One of the biggest arguments for not watching foreign movies is accessibility to foreign movies either online or in theaters – not having somewhere to watch the movies we want to. Luckily, we now more than ever have tons of resources to access foreign cinema (more so online). I’ve compiled a list of the four best online streaming services that offer a wide variety of foreign films that you can not only watch online but can watch from anywhere – your smartphone, laptop, television, etc. So hurry up and pick one, and let’s get watching!

  1. Prime Video ($12.99/month)

So thirteen dollars a month seems steep just to watch some movies online. However, Prime Video is a great option, because it comes with your Amazon Prime account! Free two-day shipping on that new pair of headphones and a 5-pound bag of gummy bears you ordered and getting to watch a new movie? That’s the stuff dreams are made of.

My picks for foreign movies on Prime Video: Alamar (2008) and The Human Resources Manager (2010).

Alamar, 2008
  • Netflix ($8.99/month)

Okay, so this one is obvious, I know. But chances are, you already have a Netflix account, and that’s a great place to start! If you’re like me, your Netflix account is used primarily for binge-watching Stranger Things and having The Office on as background noise while making dinner and doing homework. HOWEVER, Netflix, unbeknownst to most of us, is a great place to catch the more popular (and let’s face it, Oscar-bait) foreign movies of recent years. Netflix’s current catalog features some great foreign films like the Oscar-winning movie Roma (2018) and winner of the 2013 Palme d’Or (one of the most prestigious awards in all of film), Blue is the Warmest Color (2013).

And here’s a tip: Search “foreign” or “international” in Netflix’s search bar, and it’ll immediately show you all related movies. It’s as easy as that.

Roma, 2018
  • Snag Films (Free)

I know what you’re thinking – “Free? There’s no way. Nothing in this world is free!”

Yeah, nothing except Snag Films! Snag is an online streaming website that allows you to watch foreign movies and television episodes online for completely free. Their mission? To get more people to open their minds to more stories. You know that feeling on Christmas morning just before you start opening presents and can’t decide which one to start with? Yeah, Snag is kinda like that. Snag’s catalog features more than 2,000 movies and television shows, so there’s no more “There’s nothing to watch!” ever again.

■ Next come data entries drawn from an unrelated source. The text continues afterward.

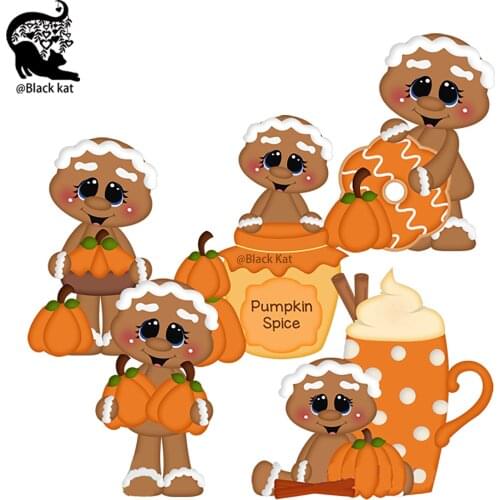 Pumpkin Spice Gingers Cutting Dies Christmas Autumn Harvest Gingerbread Man Metal Stencil For DIY Scrapbooking Card Craft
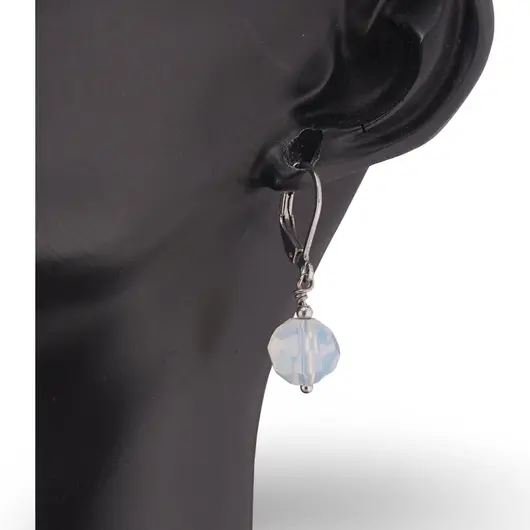 Cercei cu agatatoare Opalit sfera fatetata 10mm [CLONE], imagine 2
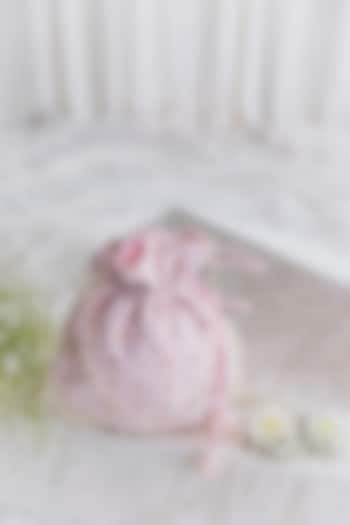 Powder Pink Cotton Embroidered Potli For Girls by Chotibuti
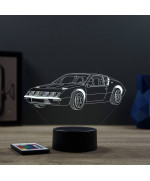 Lampe illusion 3D en verre acrylique gravée au laser représentant une voiture Alpine Renault A310 4 cylindres.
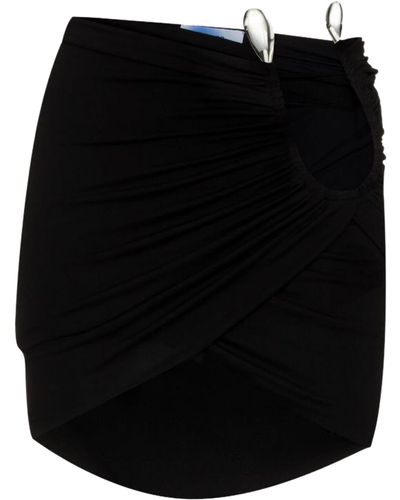 Mugler Draped Cut-out Mini Skirt - Black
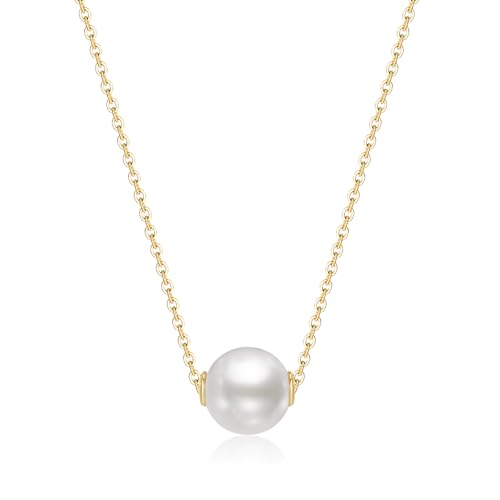 MINDDHA Single Pearl Necklace Pendant, 8mm Simulated Shell Pearl, Gold Necklaces for Women, 10X Gold...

My recommendations: Una Semana Solos (2007) and Bellissima (1951)

Bellissima, 1951
  • Kanopy (Free)

Never heard of Kanopy before? Yeah, neither had I, until a dear and wonderful friend suggested I try Kanopy when I had mentioned that I had been locked out of my Hulu account after my sister (who, umm… pays for it) changed the password. Ha!

I’m now convinced Kanopy is the world’s best kept online secret. It’s completely free, and all you need is either a library card from your local library or if you’re a college student, your school’s name. Just enter your information and WHAM! You’ve got, essentially, a free Netflix account. Kanopy’s catalog seems endless, and not only are their new releases, but they’re also movies you want to watch. No more adding movies to your watchlist and never, you know, watching them. Yeah, you’re welcome.

My recommendations: 3 Faces (2018) and Our Beloved Month of August (2008)

Our Beloved Month of August, 2008

And there you go! My top four picks for streaming foreign movies online. Not only are these services affordable and convenient for on-the-go, but they offer great selections of foreign films you never got to see in theaters because your theater didn’t screen them, or you never heard of them, or you’re just getting into films. So grab your laptop/smartphone/television remote, relax, and let’s watch!